Entsprechend selbstbewusst wird Politt den 270,1 Kilometer langen, mit 17 giftigen Anstiegen garnierten Ritt von Antwerpen nach Oudenaarde am Sonntag in Angriff nehmen. Aber auch mit dem nötigen Respekt. «Man kann Rennen wie die Ronde oder Paris-Roubaix nie voraussagen. Es kann immer viel passieren ? man kann mit einem technischen Defekt ausscheiden oder einfach mal einen schlechten Tag haben», sagte er und ergänzte: «Ich gehe mit einer gewissen Lockerheit in die Rennen. Wenn man sich zu sehr unter Druck setzt, geht es ja doch meistens in die Hose.»
Nicht so gut wie bei Politt läuft es derzeit bei Teamkollege Marcel Kittel, für den es in seinem zweiten Jahr bei Katusha-Alpecin nach einem verkorksten Jahr 2018 endlich wieder zurück in die Erfolgsspur gehen sollte. Nachdem für den deutschen Topsprinter die Saison mit einem Sieg bei der Mallorca-Challenge verheißungsvoll begann, wartet der 30-Jährige seitdem auf einen weiteren Erfolg und fährt der Konkurrenz derzeit hinterher.
«Ich weiß nicht, ob es mental oder physisch ist - wahrscheinlich eine Kombination aus beidem. Es ist momentan schwer, damit umzugehen, wenn ich ehrlich bin. Aber ich werde nicht aufgeben und weiterkämpfen», sagte Kittel nach seinem enttäuschenden 30. Platz beim belgischen Rennen Driedaagse Brugge-De Panne vor einer Woche.
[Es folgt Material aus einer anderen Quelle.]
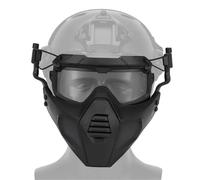 WLXW Tactical Dimensional Split Type Mask＆Goggles Airsoft Combination Set For Film＆Television Props, Outdoor Equipment,CS Cosplay(BK)
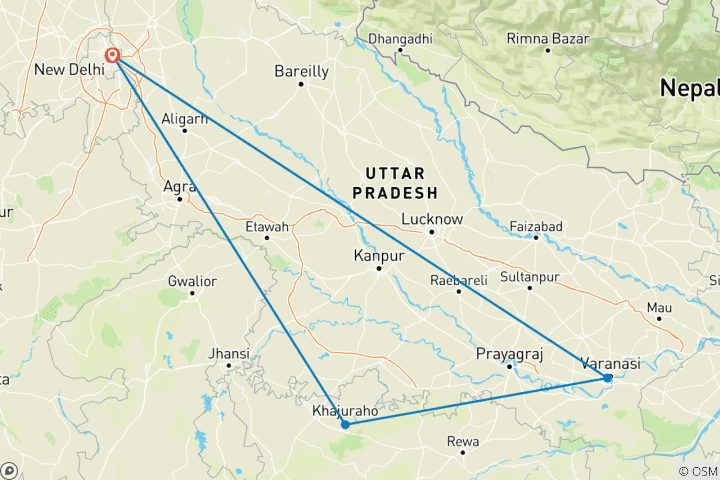 Karte von Kulturerbe & Tempel ab Delhi - 5 Tage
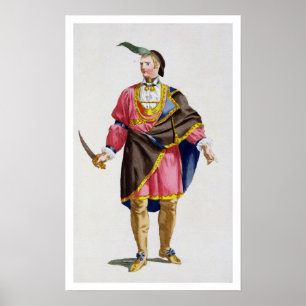 Poster Cunne Shote, chefe do Cherokees, 1780 (coloure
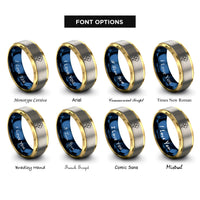font options for inside engraving on gold & blue & silver balloons rings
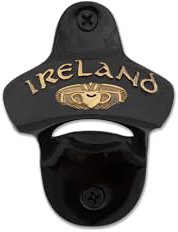Exclusively Irish Wall Mounted Bottle Opener Made of Brass - Irish Caps Remover for Bar or Kitchen(Ireland Claddagh), Black/Gold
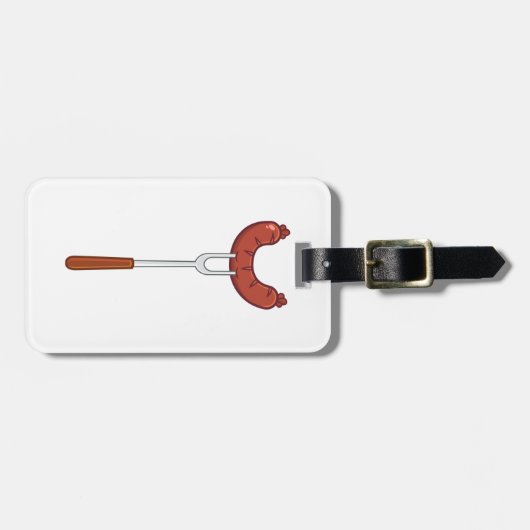 Grilled Sausage on BBQ Fork Bagagelabel (Voorkant horizontaal)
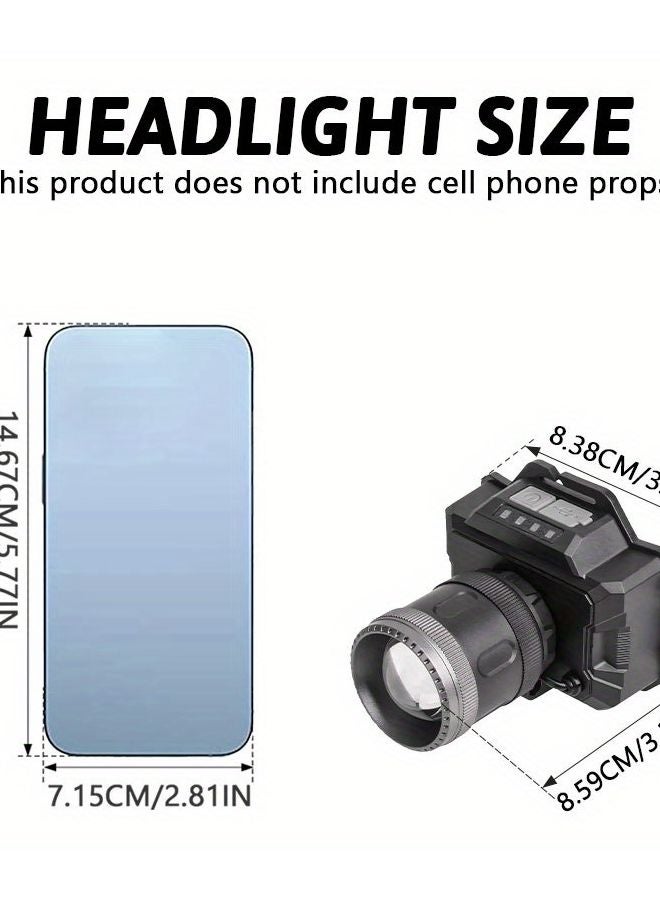 مصباح رأس LED قابل لإعادة الشحن عبر USB وقابل لتعديل الزوم، قابل للتعديل للأنشطة الخارجية - Image 5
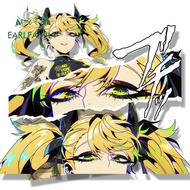 EARLFAMILY 13cm Gyaru Shinomiya Kikoru Fanart Car Sticker Bikini Tattoo Girl Chibi Big Head Decal Ai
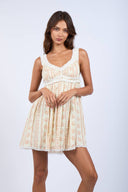 Sky to Moon - Vintage Chenille Jacquard Ruffle Lace Mini Dress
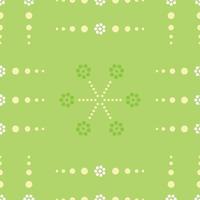 patrón transparente con colores de forma de círculo, hermosas flores blancas sobre fondo verde. ilustración vectorial. vector
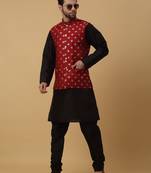 Men's black kurta and churidar with jacquard ethnic nehru jacket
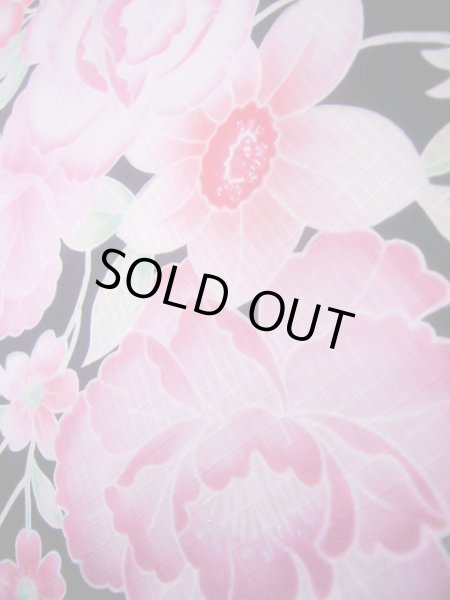 画像8: J0617X ゆかた 女性用着物  綿 ダークな  黒, 花 【中古】 【USED】 【リサイクル】 ★★★★☆ (8)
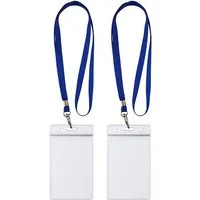 WEBBOMB Schlüsselanhänger 2x Ausweishalter ZIP Kartenhalter komplett mit2x Lanyard Schlüsselband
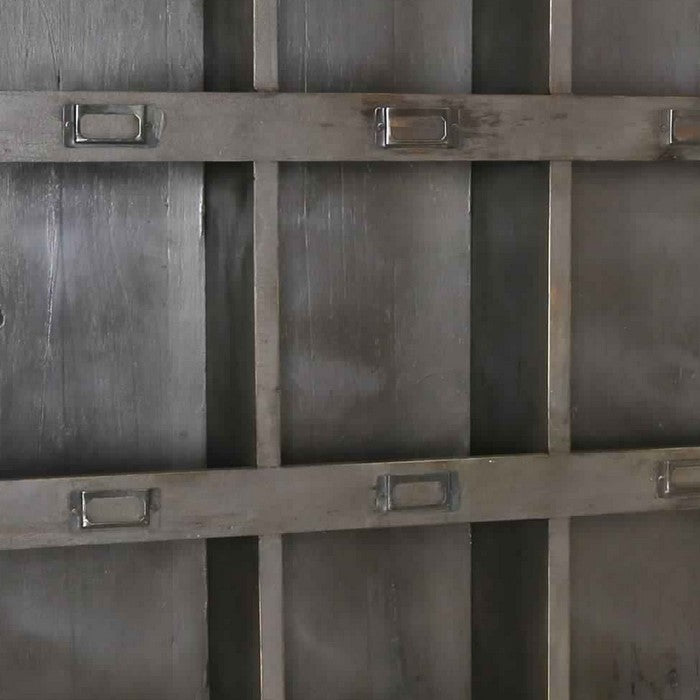 Rectangular Metal Frame Storage Case with 9 Cubbies, Distressed Gray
«Weil wir mit Marcel nur einen echten Sprinter im Team haben, sind wir schon irgendwie auf ihn angewiesen. Wir als Team versuchen natürlich eine Lösung zu finden, um das alles wieder gerade zu biegen. Wir müssen sehen, dass sich Marcel ganz schnell wieder fängt», sagte Politt. «Ich bin überzeugt davon, dass er noch große Rennen gewinnen kann.» Er selber hat Siege bei großen Rennen noch vor sich - vielleicht ja schon am Sonntag bei «Flanderns Schönster».